→ TASK ITEM
Go to the line below containing "House 3 bedrooms" and print exactly from there through the line containing "Boy Avatar Bundle Shoulder Roblox item", both included. Print nothing else.

→ LISTED ENTRIES

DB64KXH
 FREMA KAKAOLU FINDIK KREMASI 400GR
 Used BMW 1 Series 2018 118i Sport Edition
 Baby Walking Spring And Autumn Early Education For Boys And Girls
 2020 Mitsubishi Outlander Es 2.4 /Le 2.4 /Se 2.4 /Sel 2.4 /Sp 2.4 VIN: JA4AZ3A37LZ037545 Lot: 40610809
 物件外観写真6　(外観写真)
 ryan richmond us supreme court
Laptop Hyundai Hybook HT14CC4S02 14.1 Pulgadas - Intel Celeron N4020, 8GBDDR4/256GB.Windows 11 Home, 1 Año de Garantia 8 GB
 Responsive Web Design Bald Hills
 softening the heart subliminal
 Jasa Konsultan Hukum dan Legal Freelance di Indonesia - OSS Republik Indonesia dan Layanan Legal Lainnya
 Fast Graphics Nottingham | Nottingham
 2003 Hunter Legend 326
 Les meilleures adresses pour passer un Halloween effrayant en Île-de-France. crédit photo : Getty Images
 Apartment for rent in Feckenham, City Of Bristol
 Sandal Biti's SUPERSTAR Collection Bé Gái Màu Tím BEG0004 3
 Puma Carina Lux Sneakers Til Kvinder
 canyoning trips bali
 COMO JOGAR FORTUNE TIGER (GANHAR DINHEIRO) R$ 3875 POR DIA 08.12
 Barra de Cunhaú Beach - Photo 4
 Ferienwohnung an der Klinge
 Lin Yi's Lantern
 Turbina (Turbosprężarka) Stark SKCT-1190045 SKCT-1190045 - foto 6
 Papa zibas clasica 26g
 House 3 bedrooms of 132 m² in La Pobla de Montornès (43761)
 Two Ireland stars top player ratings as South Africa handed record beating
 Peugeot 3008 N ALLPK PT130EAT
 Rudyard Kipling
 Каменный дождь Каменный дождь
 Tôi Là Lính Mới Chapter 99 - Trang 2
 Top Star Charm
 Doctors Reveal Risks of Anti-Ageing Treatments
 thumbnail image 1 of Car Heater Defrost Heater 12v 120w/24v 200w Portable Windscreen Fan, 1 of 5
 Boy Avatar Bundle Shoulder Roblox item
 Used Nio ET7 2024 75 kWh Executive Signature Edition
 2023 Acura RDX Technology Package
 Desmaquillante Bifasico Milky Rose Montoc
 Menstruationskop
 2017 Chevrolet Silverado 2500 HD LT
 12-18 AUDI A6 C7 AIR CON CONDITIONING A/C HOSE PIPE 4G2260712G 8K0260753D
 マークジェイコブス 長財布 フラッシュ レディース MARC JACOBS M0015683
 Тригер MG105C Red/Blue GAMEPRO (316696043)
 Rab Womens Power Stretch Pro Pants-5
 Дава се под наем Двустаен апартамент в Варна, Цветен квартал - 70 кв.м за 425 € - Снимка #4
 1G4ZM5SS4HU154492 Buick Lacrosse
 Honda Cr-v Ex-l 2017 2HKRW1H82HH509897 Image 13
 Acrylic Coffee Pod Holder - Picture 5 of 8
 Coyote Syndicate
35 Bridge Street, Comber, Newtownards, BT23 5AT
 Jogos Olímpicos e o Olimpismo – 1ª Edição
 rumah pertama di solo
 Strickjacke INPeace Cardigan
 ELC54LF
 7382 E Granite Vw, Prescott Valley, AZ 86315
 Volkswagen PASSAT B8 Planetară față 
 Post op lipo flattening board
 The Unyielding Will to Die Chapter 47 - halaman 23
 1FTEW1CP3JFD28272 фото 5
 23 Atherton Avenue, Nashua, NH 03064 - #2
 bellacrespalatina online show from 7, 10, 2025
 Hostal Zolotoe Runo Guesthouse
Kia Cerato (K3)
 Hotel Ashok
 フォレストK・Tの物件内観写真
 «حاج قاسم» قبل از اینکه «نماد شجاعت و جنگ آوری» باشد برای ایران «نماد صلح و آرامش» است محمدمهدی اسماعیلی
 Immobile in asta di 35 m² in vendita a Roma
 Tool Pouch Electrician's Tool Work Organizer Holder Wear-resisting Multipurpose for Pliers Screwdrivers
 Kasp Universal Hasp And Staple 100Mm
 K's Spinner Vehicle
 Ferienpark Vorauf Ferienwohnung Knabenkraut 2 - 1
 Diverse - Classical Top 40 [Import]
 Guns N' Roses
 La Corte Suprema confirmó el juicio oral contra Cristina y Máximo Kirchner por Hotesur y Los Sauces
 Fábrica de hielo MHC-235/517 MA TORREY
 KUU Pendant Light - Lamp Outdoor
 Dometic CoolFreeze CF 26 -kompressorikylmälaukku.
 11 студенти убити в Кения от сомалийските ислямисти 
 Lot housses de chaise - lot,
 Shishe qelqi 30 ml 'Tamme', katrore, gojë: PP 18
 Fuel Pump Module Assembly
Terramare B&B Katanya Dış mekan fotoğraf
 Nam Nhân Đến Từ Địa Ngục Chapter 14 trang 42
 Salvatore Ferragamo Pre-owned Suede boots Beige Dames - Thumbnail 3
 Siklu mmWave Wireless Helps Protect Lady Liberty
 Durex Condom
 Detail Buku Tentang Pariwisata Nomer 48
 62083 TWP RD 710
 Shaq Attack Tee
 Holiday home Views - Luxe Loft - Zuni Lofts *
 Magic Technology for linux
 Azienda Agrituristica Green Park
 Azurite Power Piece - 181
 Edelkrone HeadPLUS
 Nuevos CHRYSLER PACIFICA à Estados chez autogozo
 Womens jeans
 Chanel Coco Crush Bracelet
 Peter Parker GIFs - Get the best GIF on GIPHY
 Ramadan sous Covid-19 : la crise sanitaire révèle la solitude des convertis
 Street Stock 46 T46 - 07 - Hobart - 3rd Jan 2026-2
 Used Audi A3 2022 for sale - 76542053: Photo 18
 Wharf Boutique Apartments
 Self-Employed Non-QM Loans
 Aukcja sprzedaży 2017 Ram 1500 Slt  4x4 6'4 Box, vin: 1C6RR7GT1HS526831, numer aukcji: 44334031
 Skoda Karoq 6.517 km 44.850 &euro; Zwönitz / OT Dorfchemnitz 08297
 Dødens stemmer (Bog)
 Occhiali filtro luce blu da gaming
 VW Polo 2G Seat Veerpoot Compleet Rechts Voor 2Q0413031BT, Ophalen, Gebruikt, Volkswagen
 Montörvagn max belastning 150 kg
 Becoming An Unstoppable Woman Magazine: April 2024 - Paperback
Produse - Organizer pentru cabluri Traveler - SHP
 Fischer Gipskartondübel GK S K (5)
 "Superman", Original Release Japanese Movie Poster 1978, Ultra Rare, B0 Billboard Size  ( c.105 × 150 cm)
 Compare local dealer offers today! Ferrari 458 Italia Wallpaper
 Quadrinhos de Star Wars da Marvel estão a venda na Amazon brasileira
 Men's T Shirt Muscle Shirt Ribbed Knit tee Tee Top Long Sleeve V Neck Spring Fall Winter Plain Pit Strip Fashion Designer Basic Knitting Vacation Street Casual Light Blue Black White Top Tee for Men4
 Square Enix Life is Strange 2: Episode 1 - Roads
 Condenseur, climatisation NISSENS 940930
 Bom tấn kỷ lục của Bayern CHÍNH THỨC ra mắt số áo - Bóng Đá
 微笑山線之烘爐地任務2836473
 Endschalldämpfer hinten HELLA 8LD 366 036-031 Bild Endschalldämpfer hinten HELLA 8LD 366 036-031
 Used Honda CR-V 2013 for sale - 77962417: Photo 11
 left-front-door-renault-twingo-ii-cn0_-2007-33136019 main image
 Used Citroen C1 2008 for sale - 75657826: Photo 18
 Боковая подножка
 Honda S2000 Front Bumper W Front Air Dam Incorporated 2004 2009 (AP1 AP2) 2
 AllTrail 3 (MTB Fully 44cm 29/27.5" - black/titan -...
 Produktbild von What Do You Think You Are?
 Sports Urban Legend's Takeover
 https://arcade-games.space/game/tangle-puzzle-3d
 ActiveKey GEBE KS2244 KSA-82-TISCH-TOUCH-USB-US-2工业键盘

→ OUTPUT FOR THIS EXERCISE
 House 3 bedrooms of 132 m² in La Pobla de Montornès (43761)
 Two Ireland stars top player ratings as South Africa handed record beating
 Peugeot 3008 N ALLPK PT130EAT
 Rudyard Kipling
 Каменный дождь Каменный дождь
 Tôi Là Lính Mới Chapter 99 - Trang 2
 Top Star Charm
 Doctors Reveal Risks of Anti-Ageing Treatments
 thumbnail image 1 of Car Heater Defrost Heater 12v 120w/24v 200w Portable Windscreen Fan, 1 of 5
 Boy Avatar Bundle Shoulder Roblox item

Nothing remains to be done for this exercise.